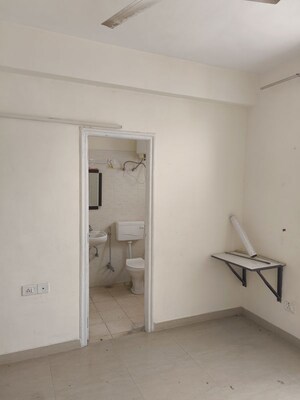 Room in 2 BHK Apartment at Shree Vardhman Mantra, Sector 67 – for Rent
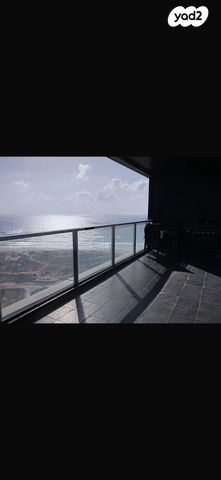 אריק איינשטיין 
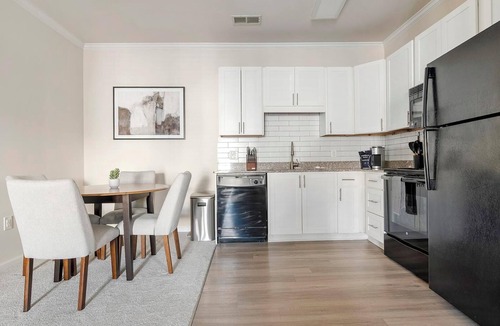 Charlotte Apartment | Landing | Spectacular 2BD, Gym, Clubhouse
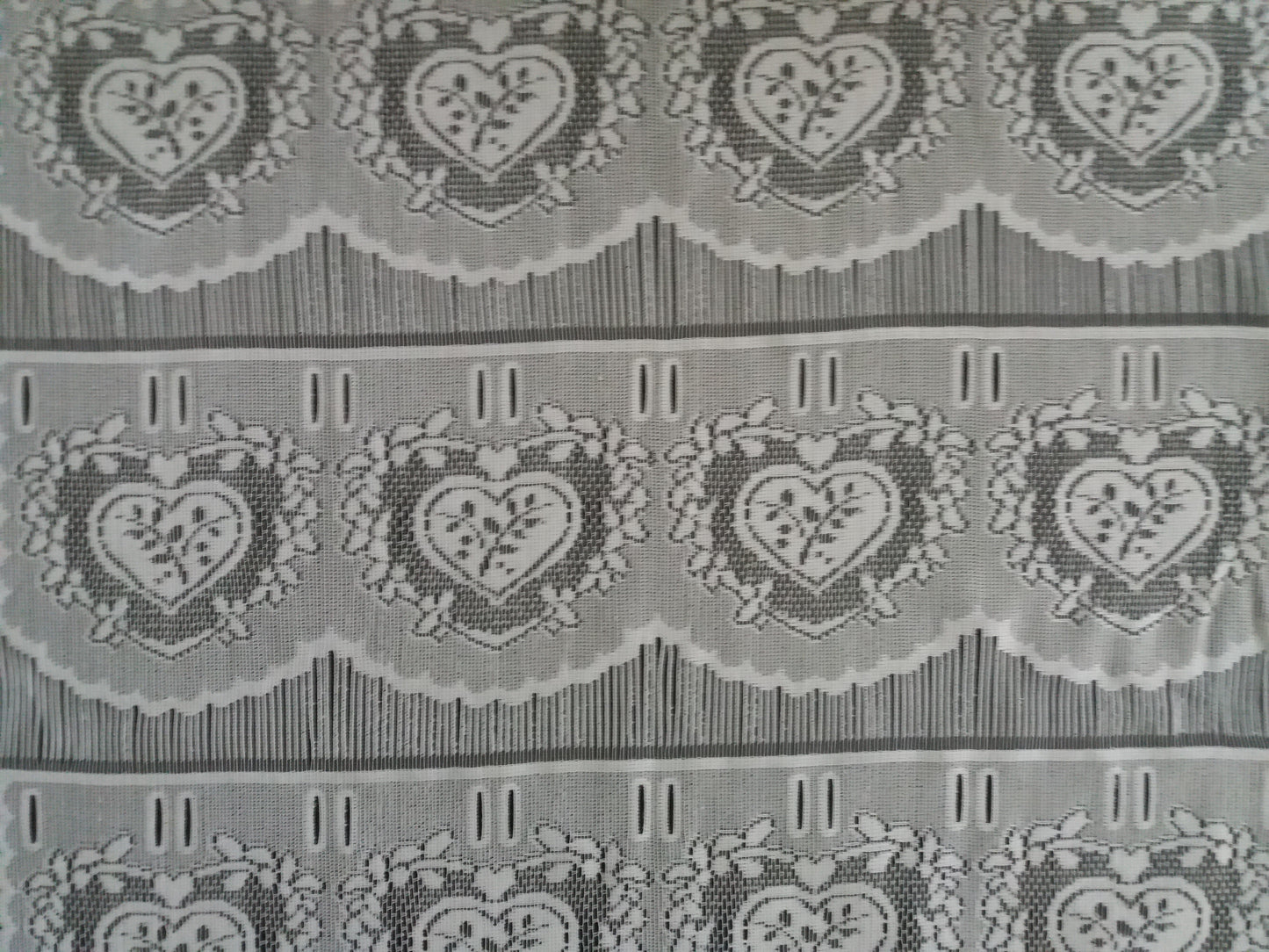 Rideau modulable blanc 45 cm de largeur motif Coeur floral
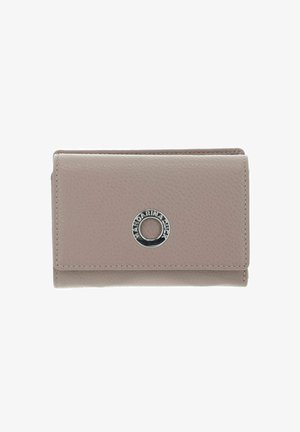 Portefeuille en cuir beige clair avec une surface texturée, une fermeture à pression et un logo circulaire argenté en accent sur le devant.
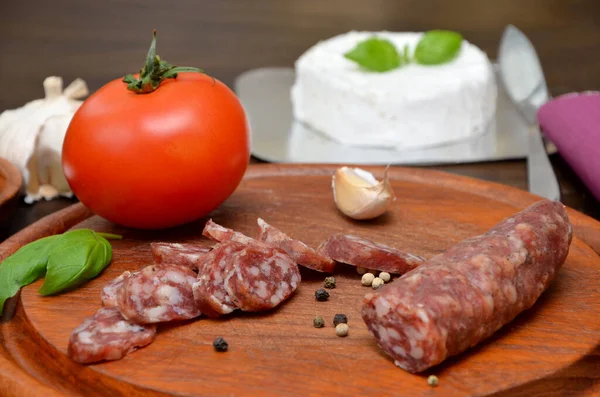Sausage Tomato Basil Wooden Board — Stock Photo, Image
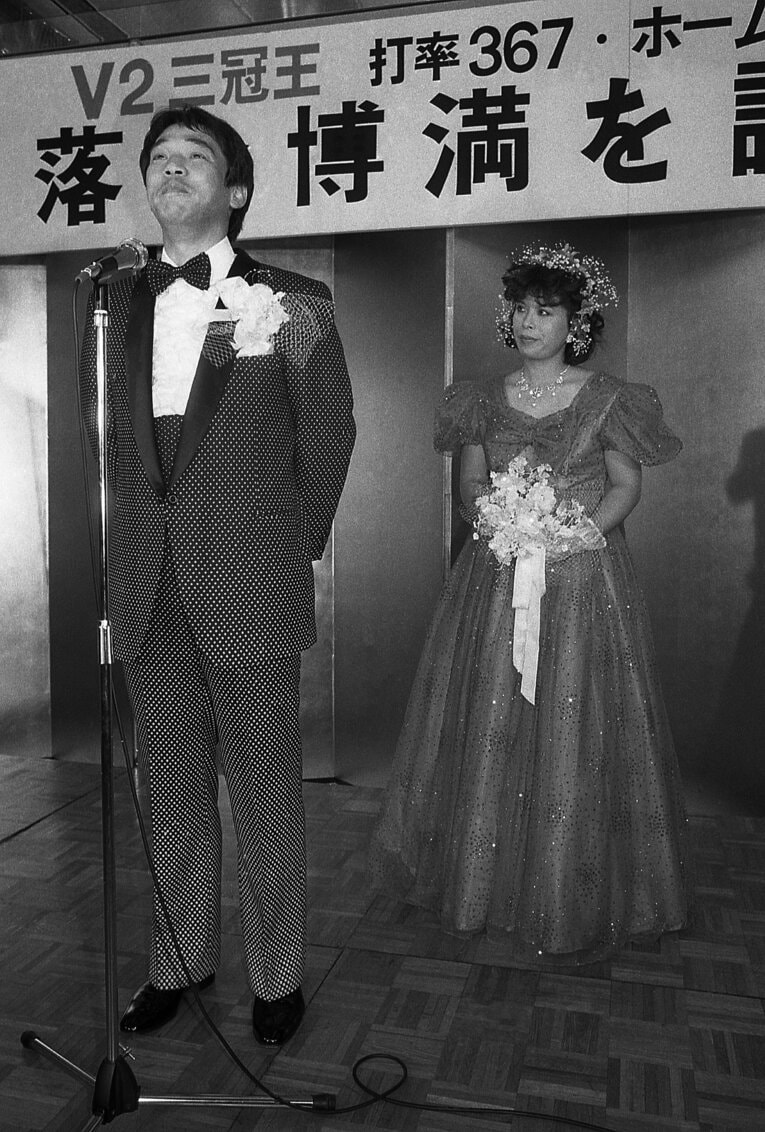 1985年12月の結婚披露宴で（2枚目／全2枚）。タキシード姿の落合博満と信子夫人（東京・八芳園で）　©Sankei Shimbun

------

PROBLEM DESCRIPTION:
Would you copy all of the data exactly? Keep the pictures out of it.

RESULT BELOW:
 Room in 2 BHK Apartment at Shree Vardhman Mantra, Sector 67 – for Rent
 אריק איינשטיין 
 Charlotte Apartment | Landing | Spectacular 2BD, Gym, Clubhouse
 Rideau modulable blanc 45 cm de largeur motif Coeur floral
 Portefeuille en cuir beige clair avec une surface texturée, une fermeture à pression et un logo circulaire argenté en accent sur le devant.
Sausage Tomato Basil Wooden Board — Stock Photo, Image
 1985年12月の結婚披露宴で（2枚目／全2枚）。タキシード姿の落合博満と信子夫人（東京・八芳園で）　©Sankei Shimbun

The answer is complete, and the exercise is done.